If it ain’t broke – make it even better. What Singapore is doing with its education system.

Based in a country with a largely Confucian approach to education, Singapore schools and teachers enjoy great respect and support from the community.  Measures of success are high, by the usual metrics of literacy, numeracy, standards of behaviour and high-end achievement.  As the system here was built  – like nearly everything –  from a very low base over the last 50 year, nothing has happened by accident.  It’s all been part of the grand strategic plan for Singapore, carefully designed to make and keep the country competitive and successful in the modern global economy.  As a tiny country with very few natural resources, the talent and capabilities of Singaporeans has been the bedrock of the country’s success, and so education has always been and remains a top priority.

When you are winning a game it takes some courage to suggest that perhaps there is a better game to play.  Singapore is doing just that.

The education system is highly competitive, with frequent and public grades being used within and across schools to determine access to various streams at various points.  This system frequently tops the international OECD PISA scores, as the graphic shows.  We should therefore see the recent statement that ‘Learning is not a competition’ by Minister for Education Ong Ye Kung as more than a politician’s passing whim (as it might be in other countries). That the Ministry of Education (MOE) is looking to discourage competition shows a genuine and perhaps surprising desire for a change of direction. While the measures announced are relatively modest (schools will no longer indicate class rankings, for example) that Ong’s message follows his predecessor Ng Chee Meng’s emphasis on active Imagination, collective Inquisitiveness, and rich Interconnections indicates the continuity of message.  So much so that Adrian Kuah Senior Research Fellow at the Lee Kuan Yew School of Public Policy has described it as a consistent and concerted attempt to transform the education system.
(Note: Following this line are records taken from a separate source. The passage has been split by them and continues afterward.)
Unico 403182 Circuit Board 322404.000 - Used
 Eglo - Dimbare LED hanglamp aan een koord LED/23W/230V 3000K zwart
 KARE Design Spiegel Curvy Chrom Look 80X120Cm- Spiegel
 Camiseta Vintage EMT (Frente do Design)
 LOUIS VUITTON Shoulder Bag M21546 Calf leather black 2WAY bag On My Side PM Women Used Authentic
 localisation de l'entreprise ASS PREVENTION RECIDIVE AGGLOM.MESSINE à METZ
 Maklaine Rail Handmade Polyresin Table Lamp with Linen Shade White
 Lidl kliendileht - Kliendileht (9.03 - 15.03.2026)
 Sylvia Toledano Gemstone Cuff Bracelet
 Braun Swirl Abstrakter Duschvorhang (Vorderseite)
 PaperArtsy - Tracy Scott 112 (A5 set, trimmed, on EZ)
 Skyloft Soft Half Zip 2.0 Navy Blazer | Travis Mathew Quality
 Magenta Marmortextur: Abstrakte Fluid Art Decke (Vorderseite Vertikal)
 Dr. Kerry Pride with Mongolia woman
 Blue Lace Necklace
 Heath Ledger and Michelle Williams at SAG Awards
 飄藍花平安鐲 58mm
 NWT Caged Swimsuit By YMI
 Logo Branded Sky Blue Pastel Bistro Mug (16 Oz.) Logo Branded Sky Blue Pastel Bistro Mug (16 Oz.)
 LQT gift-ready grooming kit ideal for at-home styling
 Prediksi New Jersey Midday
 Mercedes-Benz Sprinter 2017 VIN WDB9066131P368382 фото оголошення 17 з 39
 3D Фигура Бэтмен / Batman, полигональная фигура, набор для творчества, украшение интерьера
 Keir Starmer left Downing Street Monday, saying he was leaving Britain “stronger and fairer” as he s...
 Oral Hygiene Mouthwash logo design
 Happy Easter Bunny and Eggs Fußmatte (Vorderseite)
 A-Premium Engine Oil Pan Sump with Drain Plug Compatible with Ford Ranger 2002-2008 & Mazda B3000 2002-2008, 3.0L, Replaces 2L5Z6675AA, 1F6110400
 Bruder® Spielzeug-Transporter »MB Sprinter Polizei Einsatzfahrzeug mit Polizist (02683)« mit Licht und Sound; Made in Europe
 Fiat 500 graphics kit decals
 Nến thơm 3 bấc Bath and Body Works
That really intrigued me, because when a couple of years ago I asked a very senior retired Singaporean civil servant about educational change, he said there were too many entrenched interests in the very successful system to change.  But it seems he was wrong, and Singapore is indeed exploring the territory that some national and international schools and systems are occupy.  Reducing competition in a competitive system is very difficult, because if you are in it, winning seems to be the whole point; coming in the top 20% and getting a place at the best Colleges, say, becomes the whole purpose of school.  In the most extreme case the exams are taken to a nationally disruptive level, as if the country was there to support exams rather than the other way around.  We see the same thing writ large in global politics, where winning seems to have become the purpose in itself, rather than the means to a  greater good.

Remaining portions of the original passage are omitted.